In July 2007 the NYTimes reported that abstinence education was suffering; after experiencing fairly-solid growth in places like Texas (where else?), it seems that despite attending abstinence hug-ins, and Bible readings, teenagers still went home to sleep with one another afterwards. Not because abstinence is bad (quite the contrary, it is the only method that 100% stops the spread of STDs) but because in Texas, abstinence education, by the admittance of abstinence promoting organizations themselves, was not about getting teenagers to abstain, but instead was a foot-in-the-door technique for promoting bigger ‘family’ issues, like opposing abortion and gay marriage.
It was a system doomed to failure. No one likes the bait-and-switch. At the time I remember thinking the campaign would succeed by being honest and not a covert agenda of publicly funded morality education. More importantly, I feared that there would be a backlash and we would see the rate of teenage sex increase – and with it the rates of all the public-health problems associated with it: STDs (including HIV), pregnancy, and unplanned & hurried marriages. But a new report from the CDC shows I may have been overly pessimistic, at least when it comes to pregnancy. Teen pregnancy rates in all the US states are at their lowest level ever reported (70 years) – including Texas.
However, teens are still having sex, and more of it – in fact, between 1991 and 2001 the percentage of high-school students who reported they had never had sex dropped from 54.1% to 47.4%. This must mean that teenagers are being more careful about sex despite increased desire (or pressure) to have it. So what caused that?
Some thank MTV, of all places. Pregnancy prevention programs have used the teen-oriented network’s show “16 and Pregnant” as a tool for educating teenage girls about the drawbacks of being a teenager and a mother.
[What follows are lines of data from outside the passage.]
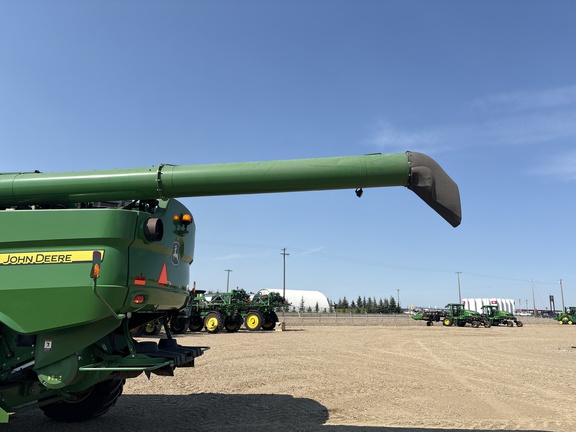 Used 2017 John Deere S670 Combines at Horizon Ag & Turf in Lloydminster, AB - Photo10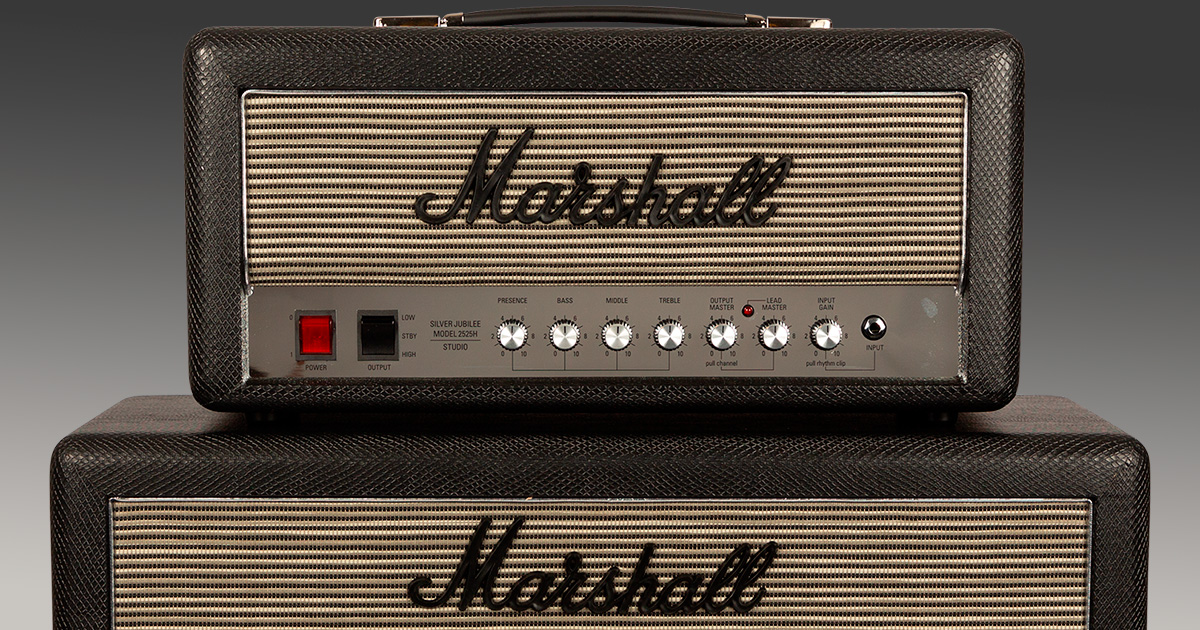 La testata 2525H offre una potenza di 20W, riducibile a 5W. Abbinata al cabinet JVMC212 offre un suono e un design uniforme, grazie anche alla finitura Black Snakeskin. La testata 2525H offre una potenza di 20W, riducibile a 5W. Abbinata al cabinet JVMC212 offre un suono e un design uniforme, grazie anche alla finitura Black Snakeskin.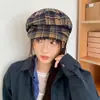 Atacado Outono Novo Estilo Coreano Xadrez Doce e Fresco Chapéu Octogonal de Alta Qualidade para Mulheres com Grande Circunferência da Cabeça e que Mostra o Rosto Chapéu Newsboy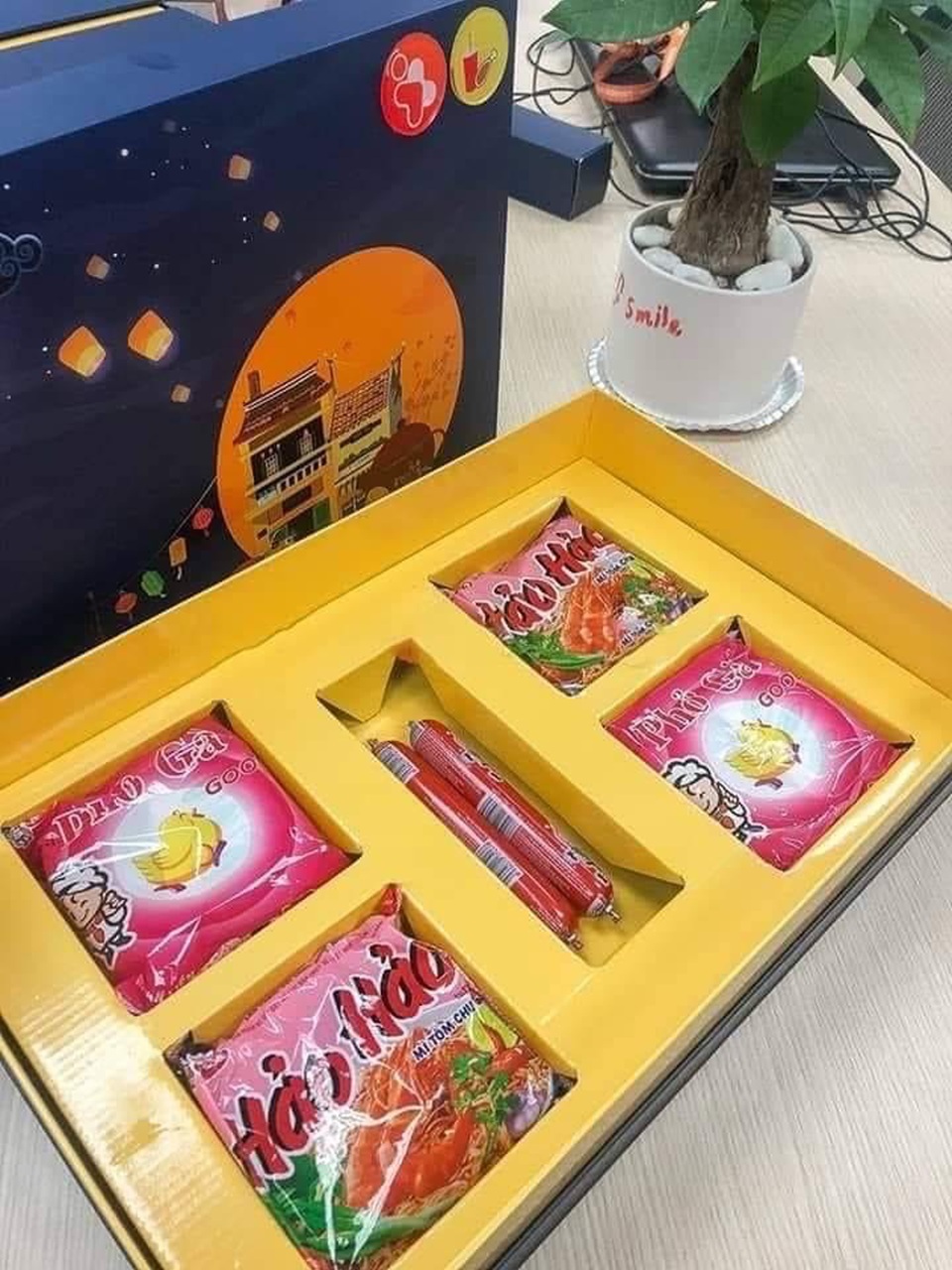 Cười bò với loạt ảnh chế về bánh trung thu mùa Covid-19 - 12 Cười bò với loạt ảnh chế về bánh trung thu mùa Covid-19 - 12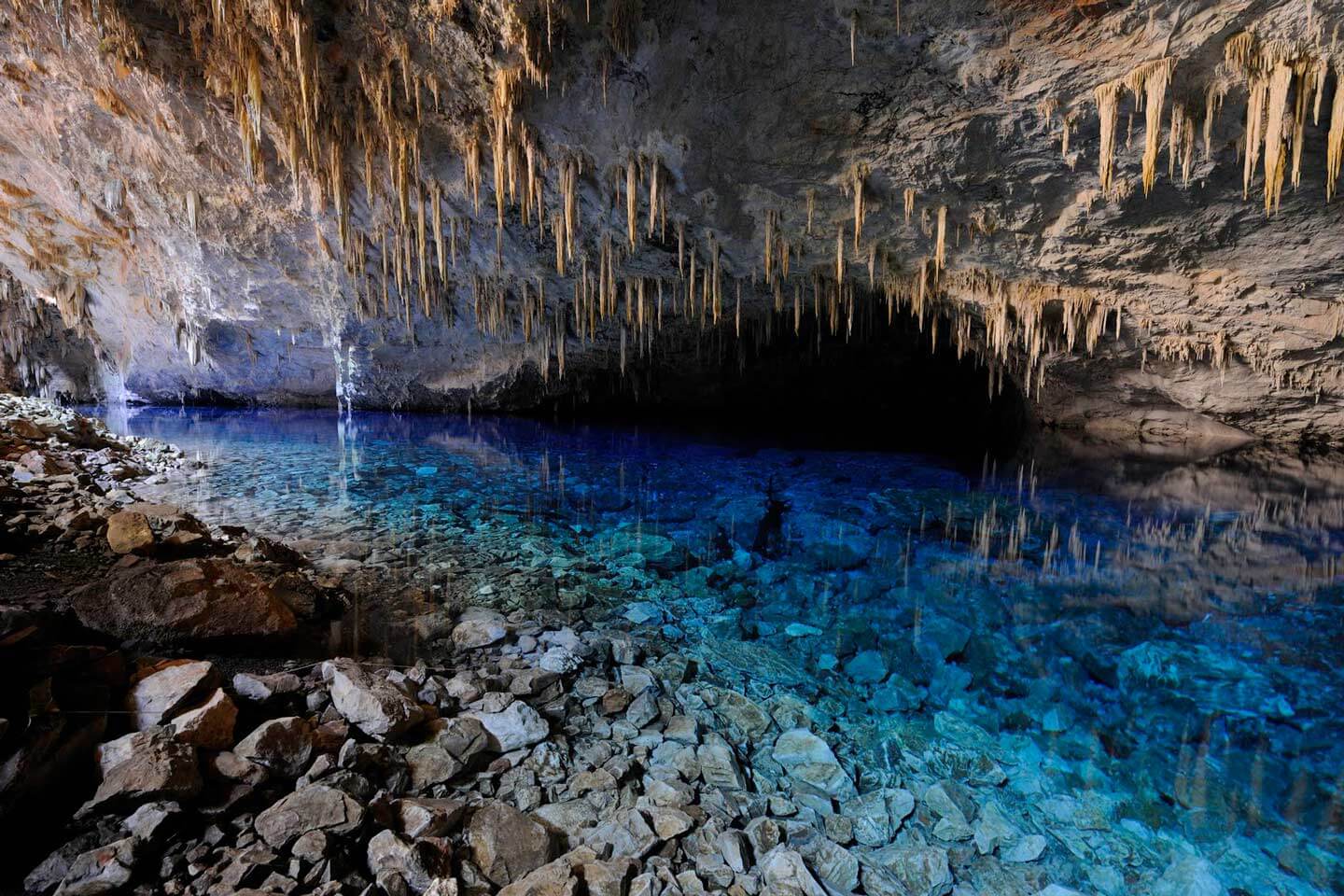 estalactitas en grutas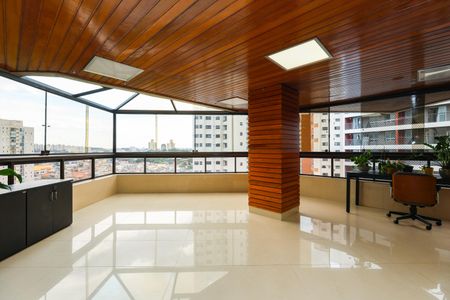 Apartamento à venda com 220m², 3 quartos e 3 vagas Apartamento à venda com 220m², 3 quartos e 3 vagasVaranda da Sala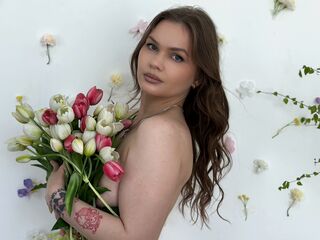 topless webcam girl LunaVales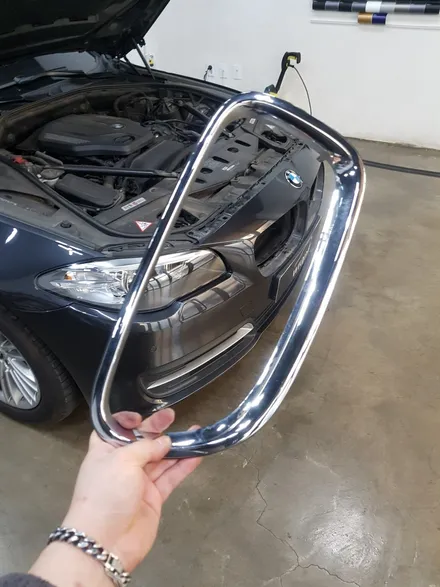 [랩샵]수원랩핑 BMW520D그릴랩핑 BMW그릴랩핑 BMW랩핑 BMW포인트랩핑 BMW부분랩핑 / 수원시 영통구 이의동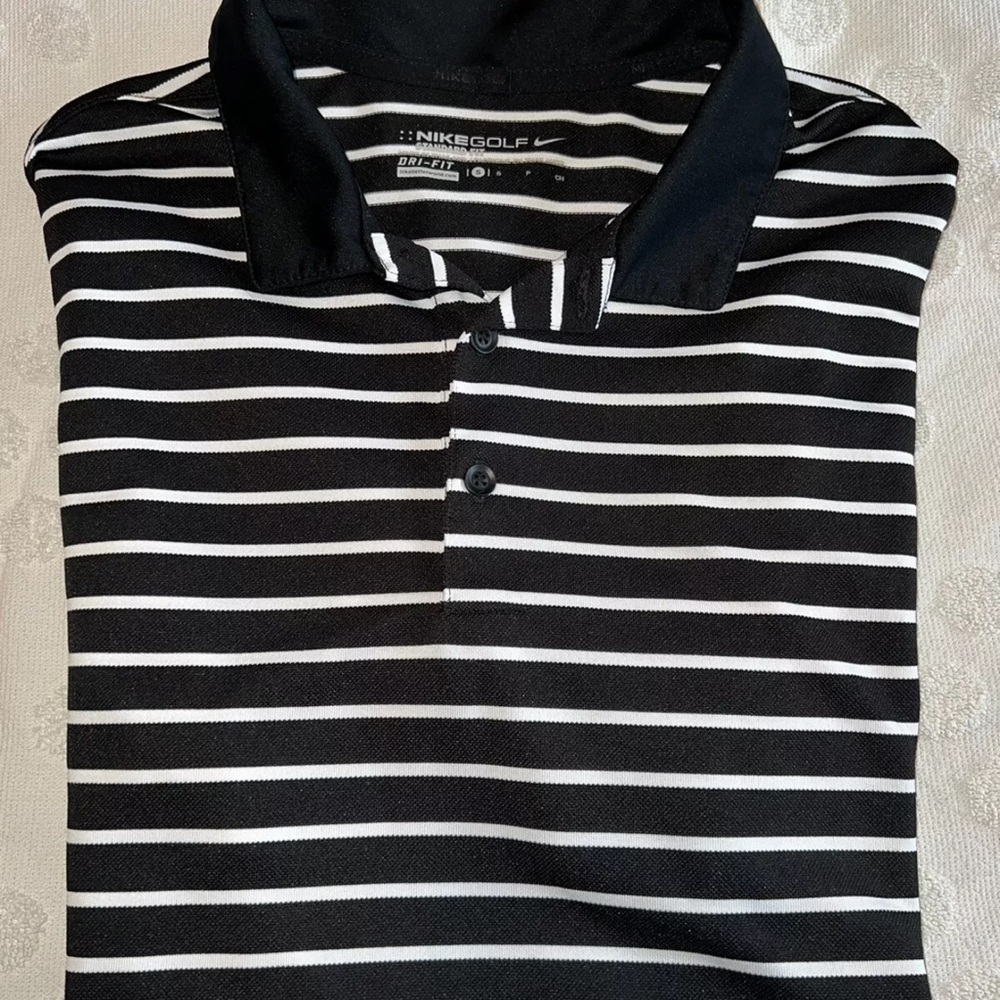 Nike Men's Black and White Striped Polo Shirt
Others thank a broader approach to sex education: For example, in 2008, only 4% of Texas school districts had sex-education classes that taught the use of birth-control and other practices as a way to avoid pregnancy (that is, 96% of schools used abstinence-only curriculum). In 2011 25.5% of schools included information beyond abstinence (or what is called abstinence-plus curriculum). We might have to thank the internet and social media – where teens can find and trade knowledge about sex in a non-threatening and peer-accepting way; the drawback here is this information can often be incorrect. Finally, the popularity of the Twilight series and shows like (again) MTV’s “Teen Wolf” that promote abstinence and have popular characters that are virgins must help too.
Whatever the reason the effects are evident: Approximately 80% of both male and female teenagers use birth-control (almost always a condom) during their first sexual experience (from “Teenagers in the United States: Sexual Activity, Contraceptive
Use, and Childbearing, National Survey of Family Growth 2006–2008”, CDC, June 2010).
What I take from all of this – as someone that deals with college-aged teenagers – is that the kids are thinking, which is alright with me!